基金運用状況の審査(地方自治法第241条第5項)

市長は、毎会計年度特定の目的のために定額の資金を運用するための基金について、その運用状況を示す書類を作成し、監査委員の審査に付さなければならないとされています。
市の基金については、決算審査とあわせて実施しています。

2.必要があると認められるとき行う監査

行政監査(地方自治法第199条第2項)

監査委員は、財務監査のほか必要があると認めるときは、市の事務の執行について監査することができます。
この監査は、一般行政事務で、組織、職員配置、事務処理手続きなど広範囲におよぶもので、適法で効率的かつ能率的に行われているのか監査するものです。

随時監査(地方自治法第199条第1項及び第5項)

監査委員は、定期監査のほかに必要があると認めるときは、いつでも市の財務に関することおよび経営に係る事業の管理について監査することができるとされています。

財政援助団体等監査(地方自治法第199条第7項)

監査委員は、必要があると認めるとき、又は市長の要求があるときは、市が補助金、交付金、負担金、貸付金など財政的援助を与えているものの出納その他の事務の執行について監査することができるとされています。

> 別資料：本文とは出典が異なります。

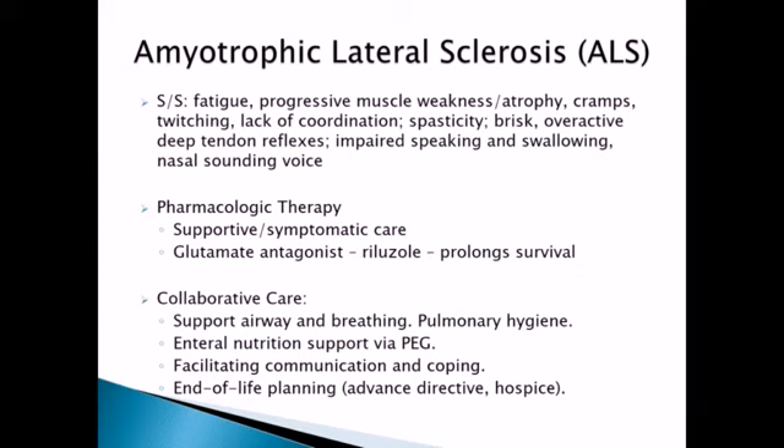Things that the ALS patient will experience include fatigue, progressive muscle weakness and atrophy, cramps and twitching, and loss of coordination. As it continues to progress, they will have overactive deep tendon reflexes, impaired speaking and swallowing, and a nasally sounding voice.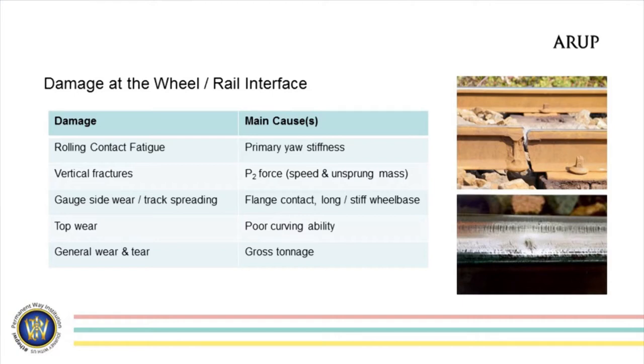Gauge side wear and track spreading arise from flange contact due to long and stiff wheelbases. We all in the northwest know of vehicles that have got stiff long wheelbases that are hopefully going to be eradicated fairly soon. Top wear is induced by poor curving ability — that's generally the inability of bogies to find the correct equilibrium of their kinicity on a particular curve feature. And then there's general wear and tear: it's inevitable that once a certain amount of tonnes passes over a particular piece of track, we're going to have to go in and replace the rails, grind them, re-ballast, tamp — whatever we have to do to sustain and maintain that piece of track.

金融機関の公金出納監査(地方自治法第235条の2第2項地方公営企業法第27条の2第1項)

監査委員は、必要があると認めるとき、又は市長の要求があるときは、指定金融機関が取り扱う市の公金の収納又は支払いの事務について監査することができるとされています。

3.要求又は請求に基づく監査

直接請求監査(地方自治法第75条)

選挙権を有する方は、政令の定めるところにより、その総数の50分の1以上の連署をもって市の事務の執行に関し、監査委員に監査を請求することができるとされています。
この請求対象は、市の事務の全般について行うことができます。

議会請求監査(地方自治法第98条第2項)

議会は、市の事務の執行に関する監査を監査委員に求め、監査の結果に関する報告を請求することができます。
この請求対象は、市の事務の全般について行うことができます。

要求監査(地方自治法第199条第6項)

市長は、監査委員に対し市の事務の執行に関し、監査を要求することができ、監査委員は、その要求があったときは監査しなければなりません。

住民監査請求
 

住民監査請求は、市の執行機関又は職員について違法若しくは不当な財務会計上の行為又は怠る事実があると認められるときは監査委員に対し監査を求め、当該行為を防止・是正などの必要な措置を請求することができる制度です。